- What the exercise asks -
Exactly the lines from the one with "Carton solide laqué" through the final line of the entries, and nothing else, should appear in the answer; no pictures go in it.

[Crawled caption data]

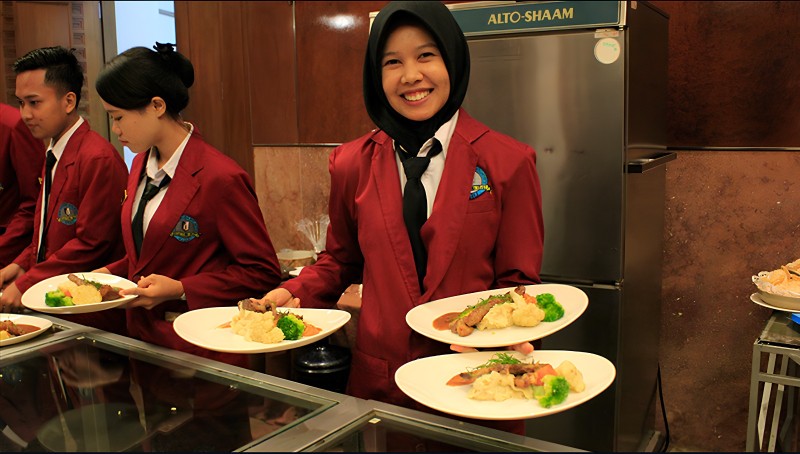 Waiter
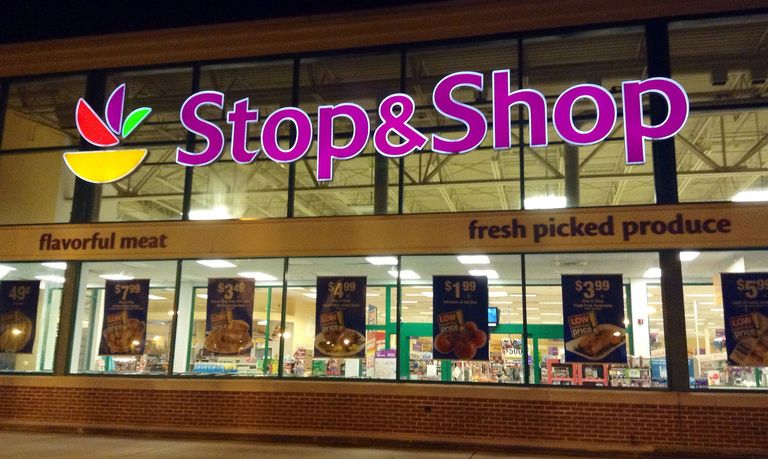 Stop & Shop (Photo: Flickr Creative Commons/Mike Mozart)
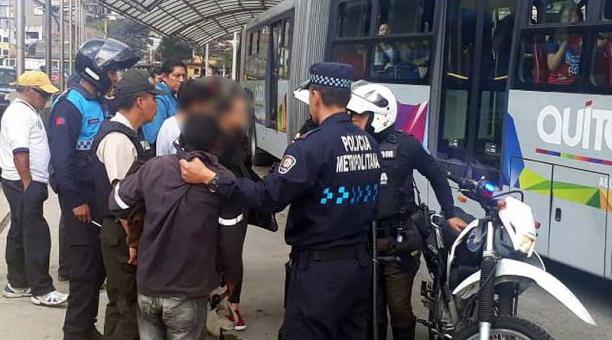 La Policía llevó al sospechoso a la Unidad de Flagrancia. Foto: Twitter Agentes de Control Quito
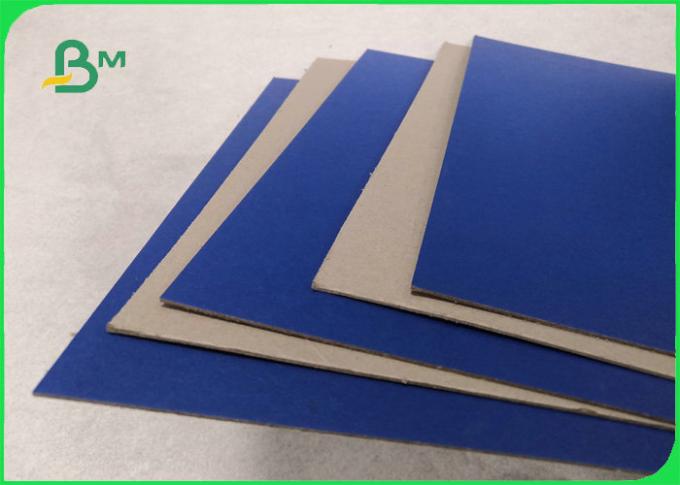 Carton solide laqué bleu/vert/rouge 1.3mm 1.5mm pour la boîte FSC de carton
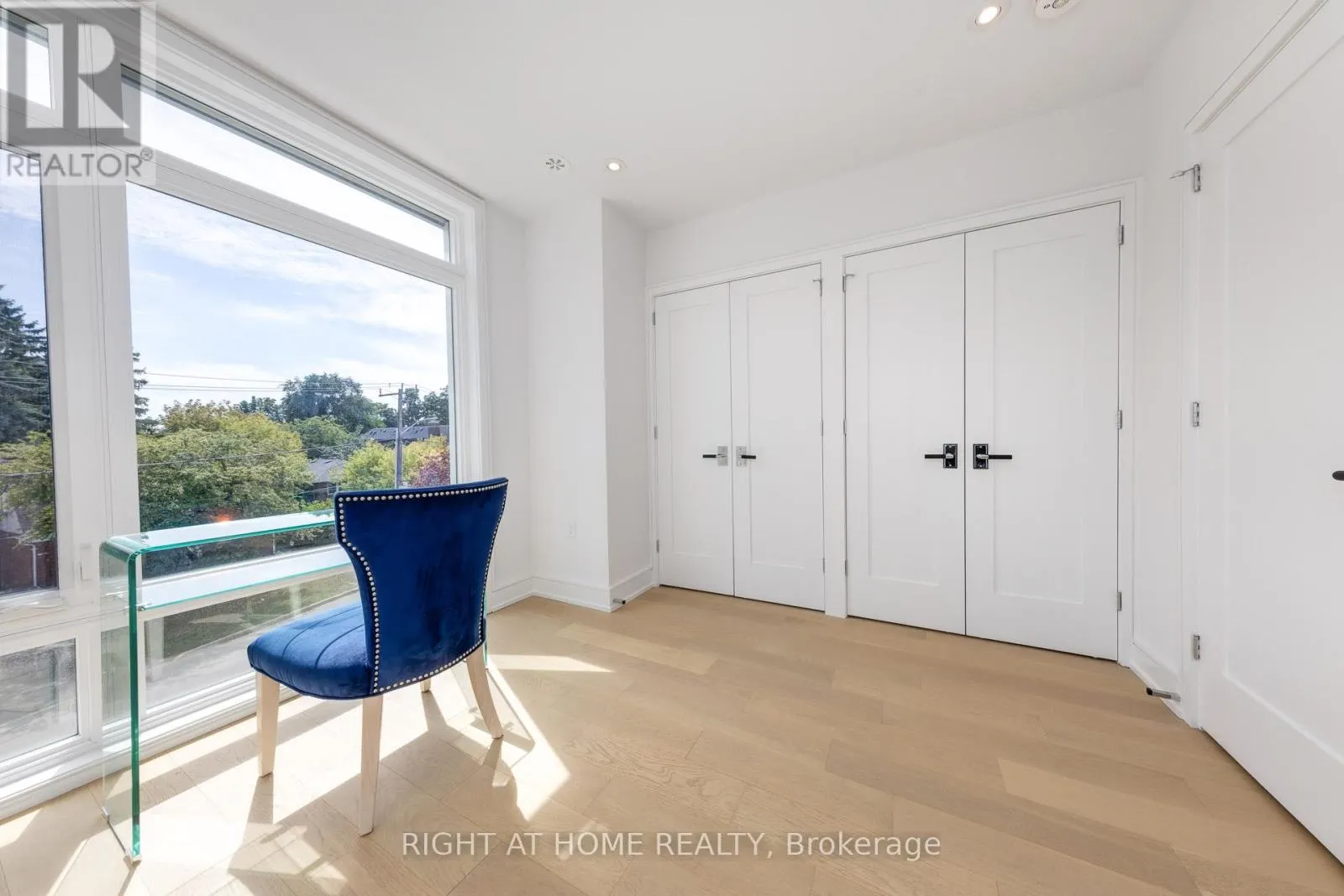 36B CHURCHILL AVENUE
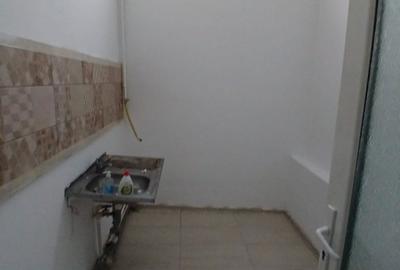 Spațiu comercial, de 150 mp, în Central - 6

- Answer space -
 Carton solide laqué bleu/vert/rouge 1.3mm 1.5mm pour la boîte FSC de carton
 36B CHURCHILL AVENUE
 Spațiu comercial, de 150 mp, în Central - 6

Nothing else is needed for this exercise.